Exercise :: Without copying any picture, transcribe exactly the lines of the data below from the one containing "Well hey folks, welcome" through the one containing "And this confirmation".

╭─ Records

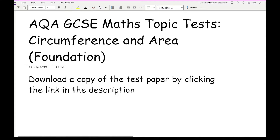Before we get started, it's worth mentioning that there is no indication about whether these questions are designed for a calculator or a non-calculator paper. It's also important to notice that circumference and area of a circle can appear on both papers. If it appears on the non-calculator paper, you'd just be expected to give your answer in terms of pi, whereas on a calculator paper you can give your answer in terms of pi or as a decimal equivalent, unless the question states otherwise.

╰─
╭─ Records

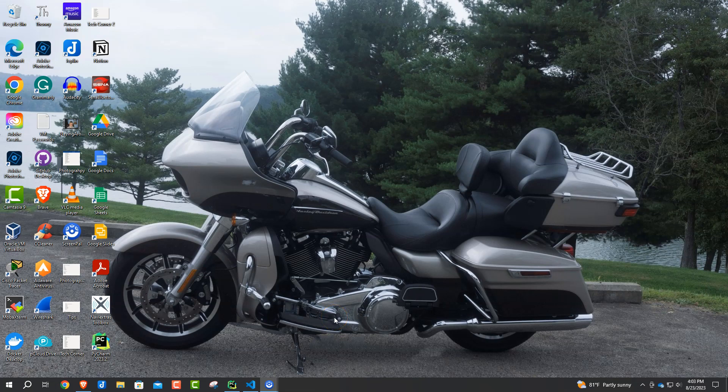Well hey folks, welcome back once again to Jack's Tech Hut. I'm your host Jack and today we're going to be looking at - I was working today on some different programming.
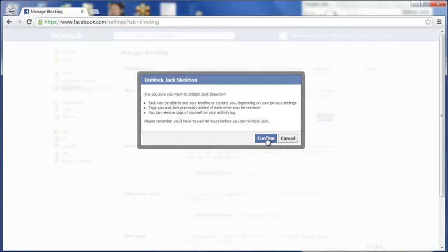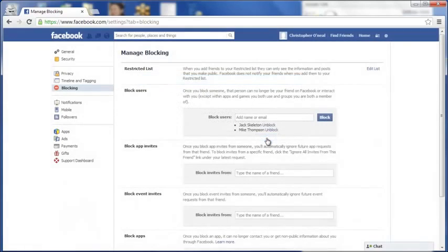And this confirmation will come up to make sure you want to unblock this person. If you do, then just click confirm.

╰─

Solution ::
Well hey folks, welcome back once again to Jack's Tech Hut. I'm your host Jack and today we're going to be looking at - I was working today on some different programming.
And this confirmation will come up to make sure you want to unblock this person. If you do, then just click confirm.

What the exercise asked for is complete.